*Supplied material:*

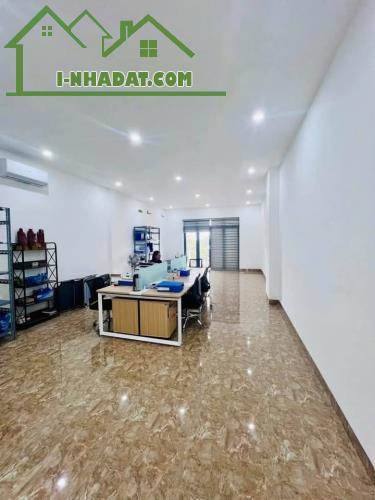 BÁN CĂN NHÀ 3,5 TẦNG MT VÕ NGUYÊN GIÁP THUỘC KĐT AN PHÚ THỊNH – LH: 0939.81.3696 - 2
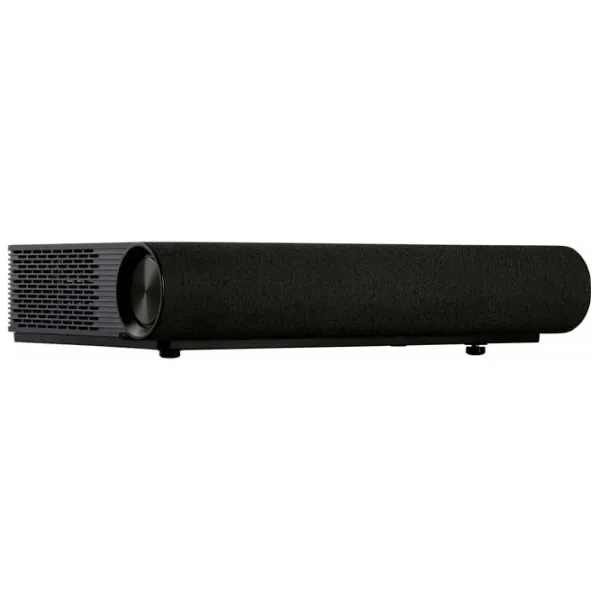 Проектор Viewsonic X2000B-4K Для дома и офиса/ Черный photo 6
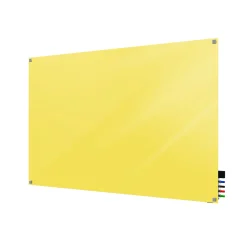 Harmony Glass Magnetic Board 3x4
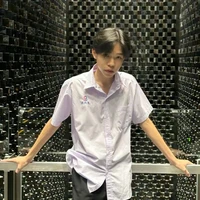 ฟลุ๊ค(เพื่อนพ.อ)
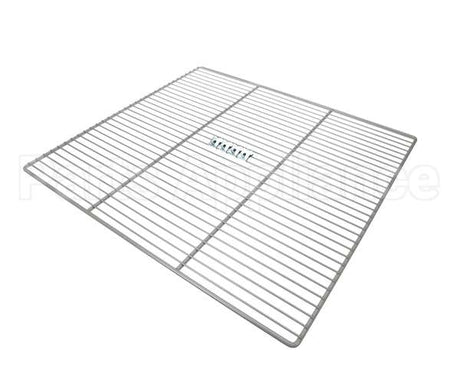 5-132 Continental Refrigeration Shelf (24 3/4 X 26 3/4)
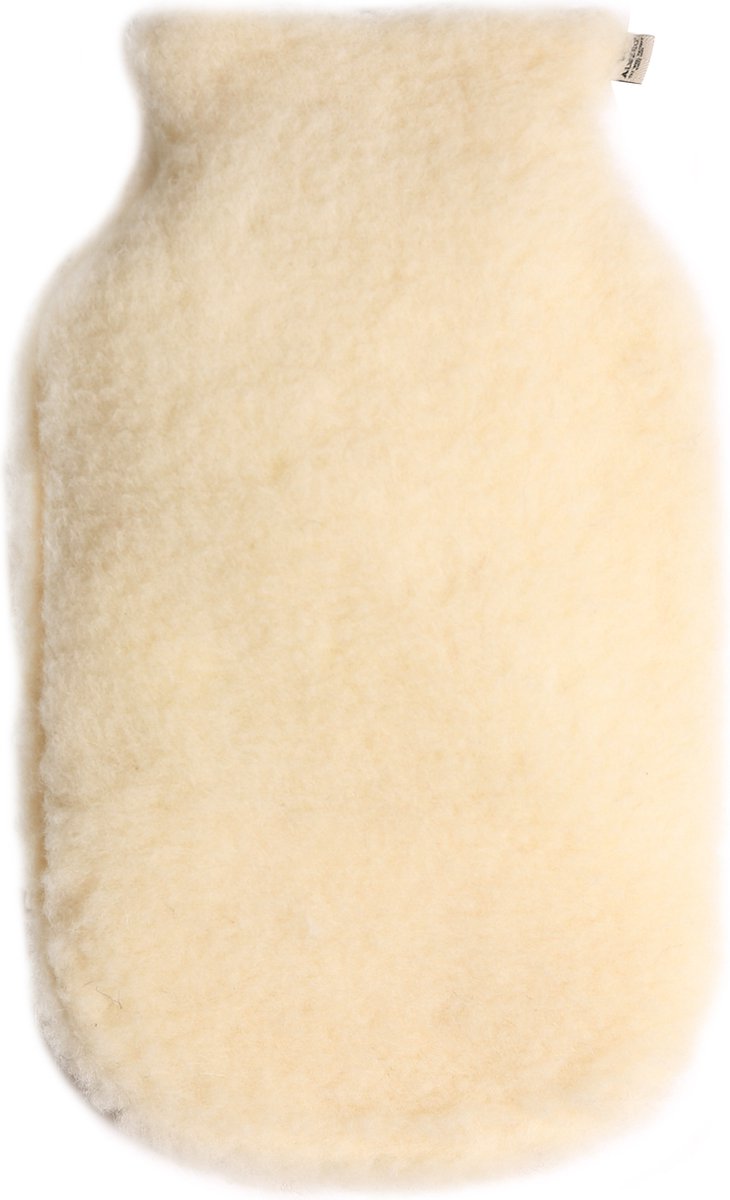 Goedkoopste Alwero kruikenzak thumbled Naturel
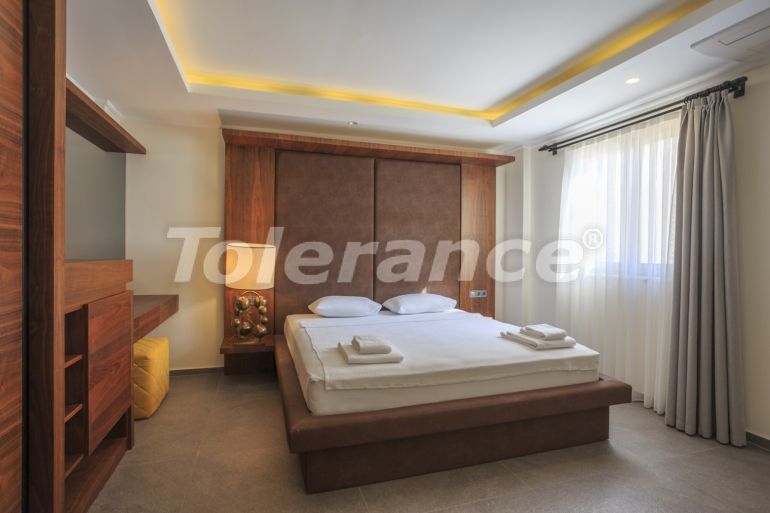 فلل في:في أولو دينيز فتحية مسبح - 70448 فلل في:في أولو دينيز فتحية مسبح - شراء عقار في تركيا - 70448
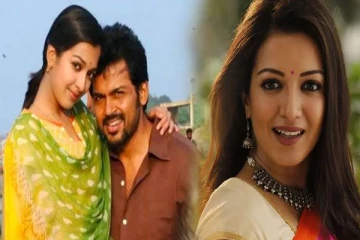 மெட்ராஸ் பட நடிகையா இது? புதுவருட பிறப்பை எப்படி கொண்டாடியிருக்காங்கன்னு பாருங்க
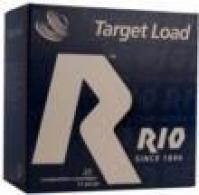 Star Team EVO 12GA 2 3/4" 7/8OZ #7.5 1360 FPS Star Team EVO 12GA 2 3/4" 7/8OZ #7.5 1360 FPS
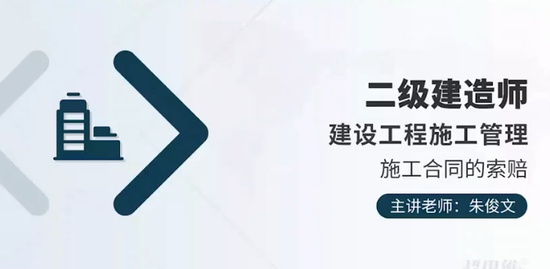 2019ʦ,,쿡,,˼ά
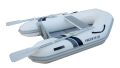 Надувная лодка HIGHFIELD ROLL UP 290 AL Надувная лодка HIGHFIELD ROLL UP 290 AL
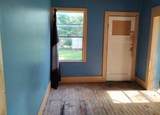 728 Elm Street - Photo 17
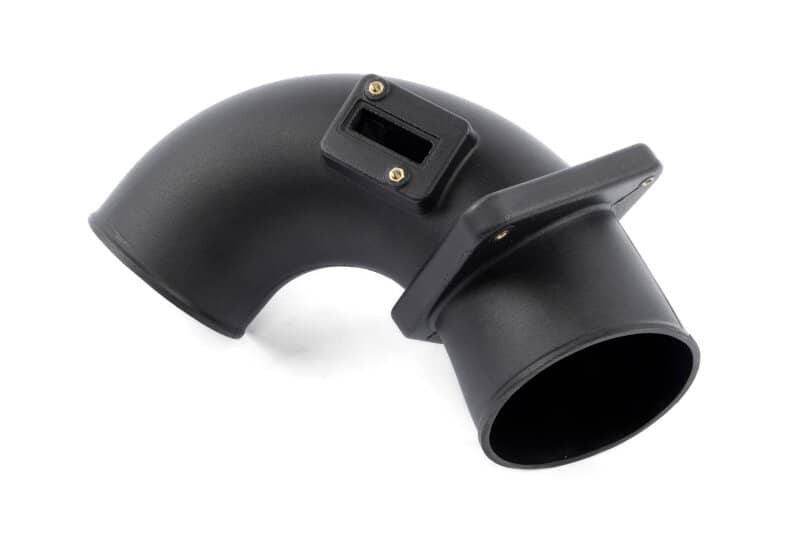 Kies-Motorsports Dinan Dinan 21-24 BMW 430i Cold Air Intake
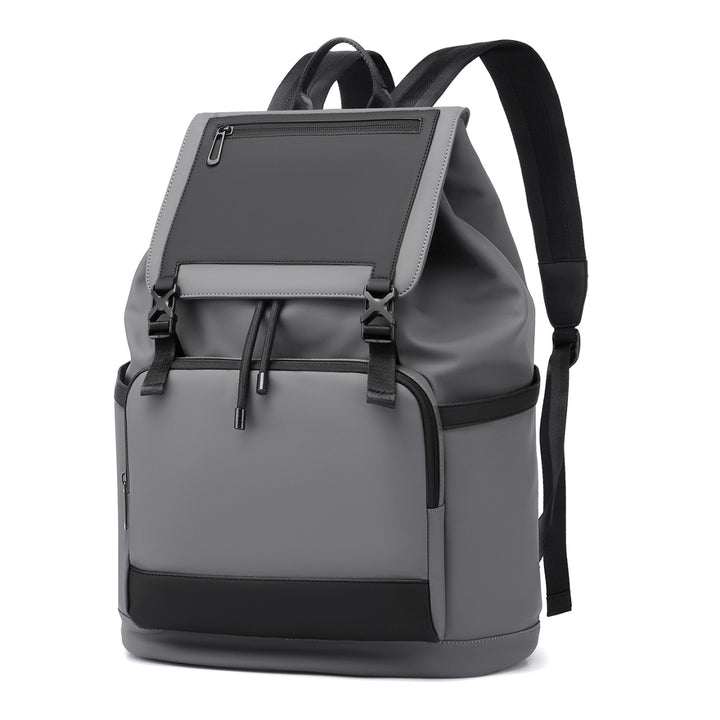 Modern Waterproof Urban Backpack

*Exercise:* Find the line containing "728 Elm Street - Photo 17" in the records above, then copy it and every line after it exactly, through the last one, without any pictures.

*Answer:*
 728 Elm Street - Photo 17
 Kies-Motorsports Dinan Dinan 21-24 BMW 430i Cold Air Intake
 Modern Waterproof Urban Backpack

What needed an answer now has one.